Keeping each word and mark in place, write out the full listing once more.

# [RECORDED DATA]
• • •
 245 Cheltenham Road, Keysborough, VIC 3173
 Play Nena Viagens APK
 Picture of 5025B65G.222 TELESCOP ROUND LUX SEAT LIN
• • •
# [RESULT BELOW]
 245 Cheltenham Road, Keysborough, VIC 3173
 Play Nena Viagens APK
 Picture of 5025B65G.222 TELESCOP ROUND LUX SEAT LIN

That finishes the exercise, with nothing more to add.